Wednesday, June 27, 2018


WWW. WEDNESDAY asks three questions to prompt you to speak bookishly. To participate, and to see how other book lovers responded, click here

1. What are you currently reading?  
Thereby Hangs a Tail by Spencer Quinn. Our narrator is Chet, a dog who flunked out of police school. Chet lives and works with his human companion, Bernie, a down-on-his-luck private investigator. The mystery at hand involves threats against a show dog named Princess.

I just cracked this one open, so I don't have much to say about it. It was gifted to me by someone I gave The Art of Racing in the Rain to. He figured if I enjoyed a dog narrator then, I'll enjoy one now, though I can see already this book doesn't have Racing's artistic aspirations.

And that's OK. Just as I enjoy a popcorn movie at the theater every now and again, I can have fun reading lighter fare.

2. What did you recently finish reading?  
Bobby Kennedy: A Raging Spirit by Chris Matthews. This book was a difficult read. Not because of the writing -- Chris Matthews is far more graceful in his prose than his TV persona suggests. No, it was hard because of Bobby is such a challenging topic.

This is, after all, the kid JFK used to call "Black Robert." He could be a prig. He could be without nuance. He had an unfortunate penchant for seeing the world (in his wife Ethel's words) "as black and white hats." His puritanical outlook made it hard for him to fit in -- at college, in the service, in the workplace.

Then he fell into politics and he hit his stride. He was successful in running John Kennedy's campaigns, he was effective as an activist Attorney General. He believed he was making a difference. He was happy. But that happiness ended in the worst way possible after only 1000 days.
President Kennedy's death transformed his brother. He became more sensitive and almost achingly empathic. He yearned to close the gap between generations, between races, between classes. Bobby was driven to run for President himself because he believed he could do real and lasting good. Then the unthinkable becomes inevitable, and Bobby himself is murdered. At just 42. 

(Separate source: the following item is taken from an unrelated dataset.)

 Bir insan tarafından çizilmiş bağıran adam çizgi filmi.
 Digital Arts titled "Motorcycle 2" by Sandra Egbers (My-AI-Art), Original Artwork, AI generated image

The parallels between 1968 and 2018 are inescapable. Reading this book is like walking around with a pebble in your shoe. Bobby annoys and reminds and cajoles you into doing what you can to help your country now, when your country really needs you.

3.  What will you read next?  
Maybe another biography? Or a mystery. My TBR pile is stacked dauntingly high with both.

That was fun!

I spent 90 minutes on the phone to my oldest friend! We just blabbed and blabbed. We just laughed and laughed. It felt so good to reconnect. I have been so worried about her health and well being that I'd forgotten how much I depend on her, how much our connection means to me. I've known her since Kindergarten. I can literally think of only three people on earth who have known me longer. I feel rejuvenated after our talk.

I didn't tell her that a finance company contacted me, looking for her. She knows she's not making her car payment. She knows they are trying to reach her. Why embarrass her? Especially when we were getting along so well.

I am not fooled by what happened here. Just because I feel better doesn't mean she feels better. She is still unemployed and beyond broke. She is still trying to get her welfare straightened out so that she can get the meds she needs. She is still battling heart trouble, arthritis, bad teeth and most of all, depression.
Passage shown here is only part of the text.